O Código de Conduta também deve abordar questões como treinamento e desenvolvimento dos herdeiros, como os conflitos serão resolvidos e práticas de tomada de decisões. Além disso, deve abordar a questão crítica de como os membros da família podem seguir carreira no negócio familiar. Todos são bem-vindos para trabalhar na empresa, ou existem requisitos para experiências educacionais e externas específicas? As regras de entrada e saída devem ser claras e explícitas, juntamente com a forma como a propriedade das empresas deve ser tratada e como garantir justiça e prevenir ou gerenciar conflitos de forma construtiva. Perseguir uma carreira de sucesso fora da empresa antes de entrar na empresa familiar faz maravilhas para a auto-estima de um familiar.
Construa um conselho forte
À medida que a empresa cresce, é necessário um Conselho de Administração forte. Os conselhos eficazes das empresas familiares diferem dos conselhos das empresas públicas. Eles desempenham papel importante e decisivo no Conselho de Família-Cofa, equilibrando as necessidades da família e do sistema corporativo. Para ser membro efetivo do Conselho de Administração, a pessoa selecionada precisa de uma compreensão profunda da relação entre os valores e metas da família e a cultura da empresa. Essa pessoa pode ser útil como árbitro entre pessoas como Joseph e seu pai.
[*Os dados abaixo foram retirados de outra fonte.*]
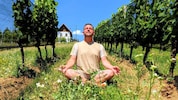 Ommm! Florian Schlechtleitner beim Yoga und Meditieren in seiner Wahlheimat, dem ...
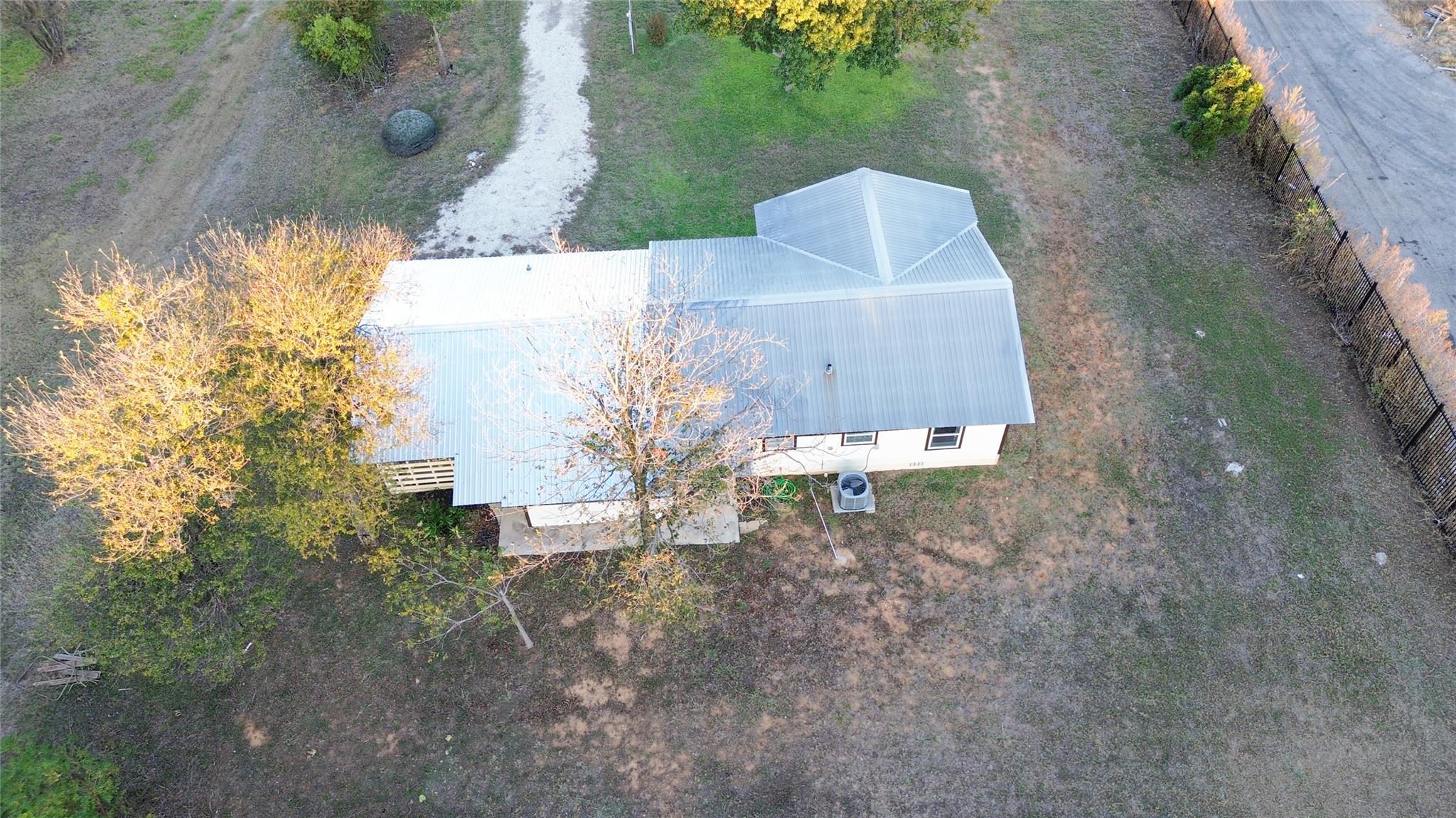 209 County Road 310 Rockdale TX 76567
Alguns fundadores de negócios familiares já se perguntaram, de modo sábio e sincero, se estariam trabalhando se hoje fosse o último dia de suas vidas? Não seria mais inteligente estar fazendo outra coisa? Mas se gostam tanto de atuar na empresa familiar, pessoas como Joseph terão de ter muita coragem e muita reflexão interna se quiserem ser bem-sucedidas.
- Manfred F. R. Kets de Vries é psicanalista e estudioso de gestão. Prepara executivos e é professor clínico de Desenvolvimento de Liderança e Mudança Organizacional no INSEAD. Seu livro mais recente intitula-se “Mindful Leadership Coaching: Journeys into the Interior” (Palgrave Macmillan, 2014).